Nog duidelijker is zulk een foutieve ‘Entmythologisierung’ te constateren bij Lucretius. Deze spreekt in zijn vierde boek over het in de Oudheid algemeen aanvaarde geloof, dat zelfs een leeuw de haan, die met geklapwiek van vleugels en heldere stem de dageraad aankondigt, niet in de ogen durft te kijken. Krachtens een merkwaardig en hardnekkig beginsel, dat alles wat overgeleverd is, waar is, uit welke bron het ook stamt of uit welk niveau van denken, en dus zonder controle van de bronnen in elke context verwerkt kan worden, zet Lucretius zich aan de physische verklaring van dit hem in physisch verband voorgelegde gegeven: uit de ogen van de haan, meent hij, zouden atomen ontsnappen van een soort, welke voor de leeuw minder prettig is, zodat hij op de vlucht gaat.
Waarschijnlijk is het geloof, waarover hier gesproken wordt, een religieus of symbolisch gegeven, dat onbegrepen in een niet-religeuze traditie terecht gekomen is. Lucretius trekt het dan in het physische en alleen al hierom moet zijn verklaring comisch werken. Even comisch is het, wanneer religieuze gevoelens physische pretenties hebben: dat kan trouwens alleen maar gebeuren, wanneer zij niet meer als religieuze gegevens ervaren worden. Wat blijft er, om maar een voorbeeld te noemen, van het boek der schepping over, wanneer men dat niet religieus, maar physisch interpreteert!

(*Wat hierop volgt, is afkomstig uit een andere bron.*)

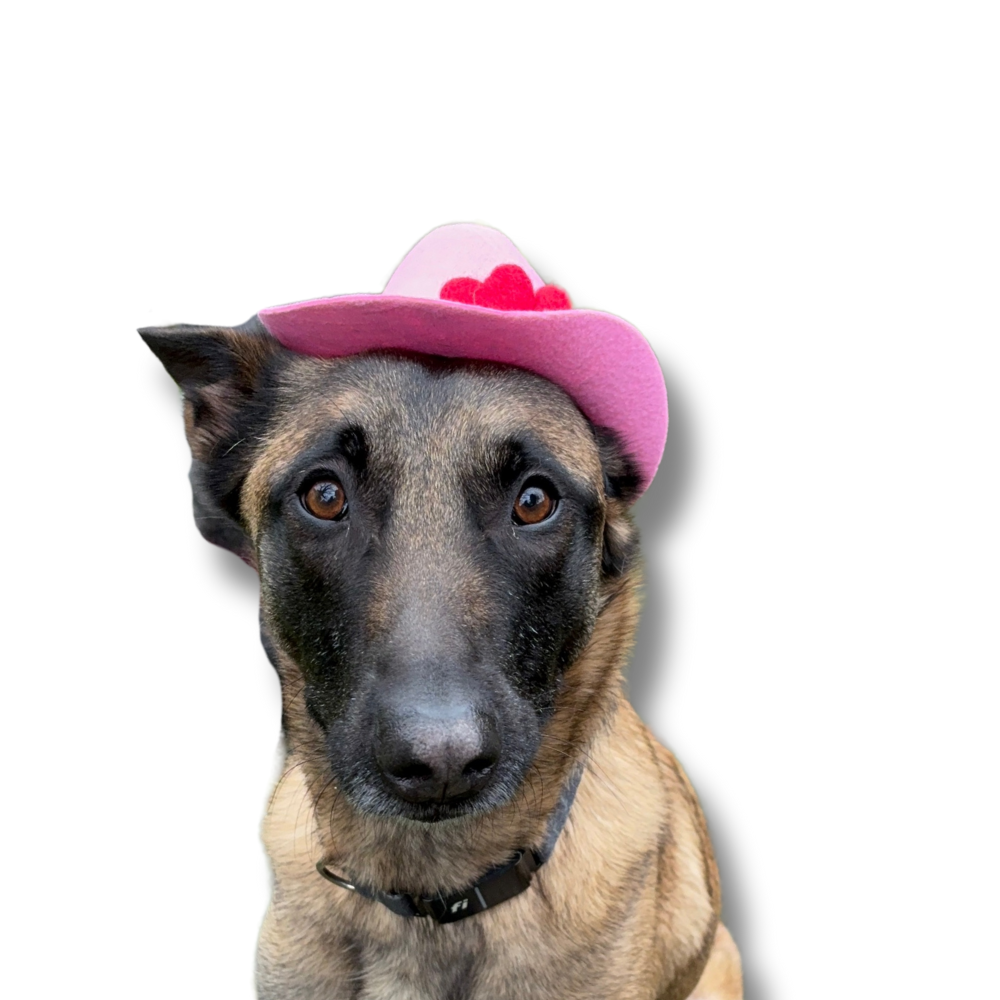 Valentine Dog Cowboy Hat | Pink with Flowers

Misschien heeft de leeuw, de nachtelijke jager, hier in verband gestaan met de symboliek van de nacht en is zodoende het gegeven over zijn vlucht voor de haan te begrijpen als een dramatisering van het wijken van de nacht voor de dag. Overigens is ook de leeuw, volgens Kristensen, een symbool van zegevierende kracht, zodat er wellicht hier eerder sprake is van een concurrentie tussen haan en leeuw in het uitdrukken van deze kracht. Misschien kan ook aan de vermelde hanengevechten gedacht worden of is de haan hier, zoals op vele voorstellingen, door Baetghen in zijn verouderde monographie over de betekenis van de haan in de godsdienst en de kunst van Grieken en Romeinen vermeld, een monster, als apotropaion gebruikt - in deze richting wordt trouwens
| |
| |
ook, zoals reeds gezegd werd, zijn verschijnen op graven wel uitgelegd. Maar het rationalisme is hier reeds te duidelijk binnengedrongen in een overgeleverde symboliek dan dat dit probleem nog geheel au sérieux te nemen zou zijn.
Ditzelfde rationalisme slaat moralistische wegen in bij Plinius, wanneer hij zegt, dat de natuur de hanen, vigiles nocturni, speciaal heeft voortgebracht om de stervelingen op te wekken tot werken en om hun slaap te verstoren. De moralistische bedoeling maakt het duidelijk dat hier van een authentiek symbolisch ervaren geen sprake meer is. Slapen en waken zijn gevaloriseerd vanuit een voluntaristische en moralistische instelling, die eigenlijk ook niet antiek meer is. In hoeverre deze opvatting in het Christendom zou passen, dient onderzocht te worden. Zeker is, dat in de oud-christelijke symboliek de haan een nog grotere betekenis heeft gehad dan in de antieke religies.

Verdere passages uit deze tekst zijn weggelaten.